Tallis: Remember not, O Lord God; Hear the voice and prayer; If ye love me
Remember not, Hear the voice and prayer and If ye love me are very early
examples of the Anglican anthem (the word 'anthem' had been coined two or three centuries
earlier as an English version of the Latin 'antiphona'). All three anthems survived the
Marian reaction and came back into use in Elizabeth's reign, being published in John Day's
collection Certain Notes in 1560 (Day's version of Remember not is somewhat
longer and more elaborate than the original version sung here and is to be found on a
later disc in this series). On the evidence of these works, the anthem very early acquired
formal and stylistic mannerisms, notably a preference for four-part writing and syllabic
declamation, a tendency to alternate homophonic episodes with passages of simple
imitation, and the habit of sectional repetition, particularly of the final section. The
alternation of homophony and imitative counterpoint has precedents in some Latin works by
English composers, such as Taverner's Meane Mass and Tallis's own Mass for four
voices, but the fondness for repeated sections is harder to account for, unless it
came from the contemporary French chanson. Interestingly, only one of Tallis's four
surviving part-songs, Fond youth is a bubble, employs sectional repetition.

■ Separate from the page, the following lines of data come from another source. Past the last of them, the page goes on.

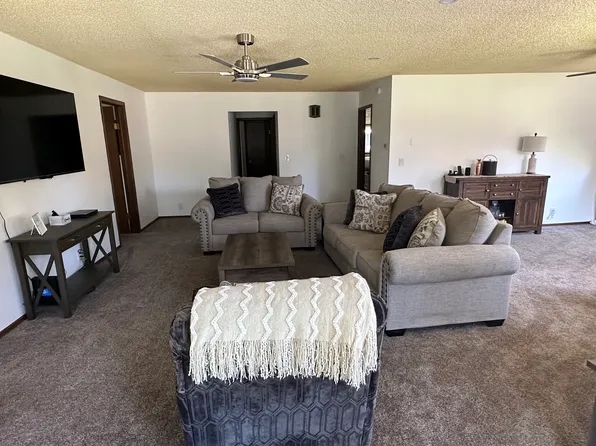 338 N Penn Ave, Oberlin, KS 67749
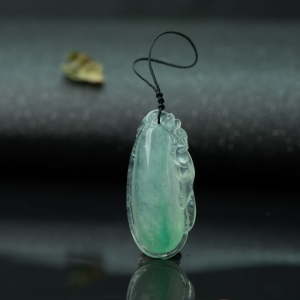 糯冰种飘翠翡翠福瓜吊坠
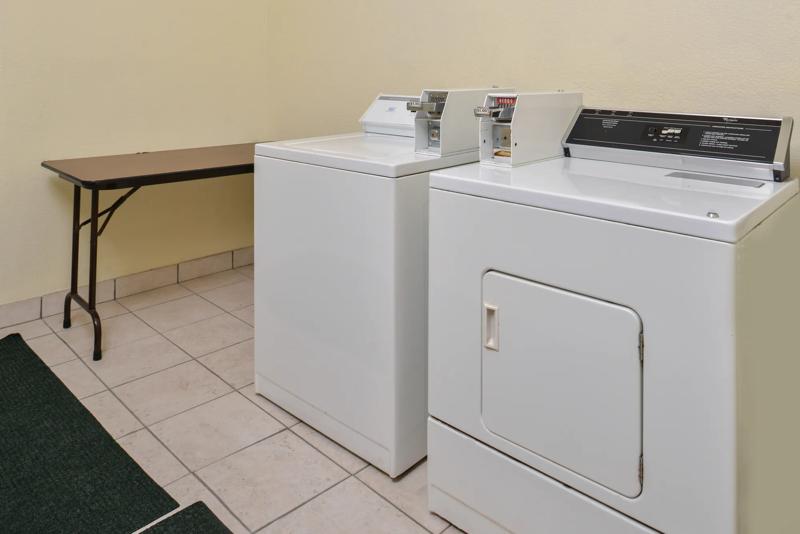 ABVI_HoustonFM1960&I45TX_Amenities_Laundry - 2C5B2B4B-98E2-4693-97482B275C8E7C2C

These three anthems make different interpretations of the basic concept. Remember
not is entirely chordal and includes several very short repeated sections; its text,
which consists of some verses of psalm LXXIX, was evidently taken from the King's
Primer of 1545. Hear the voice and prayer is considerably more ambitious, being
predominantly imitative (with one very tellingly placed piece of near-homophony at 'even
toward this place'), and having a lengthy repeated final section. The text is taken from
Solomon's prayer at the dedication of the first temple (I Kings VIII, 28-30), and one
wonders whether the setting was intended for a particular occasion. In Certain Notes Day
describes this anthem as being for children, but the written ranges imply performance by
broken voices as in the other anthems. If ye love me alternates chordal and
imitative sections, again with a repeated second half; the words, from John XIV, 15-17 in
the translation of Coverdale's Great Bible (1539), form the beginning of the Gospel for
Whitsunday in the Book of Common Prayer.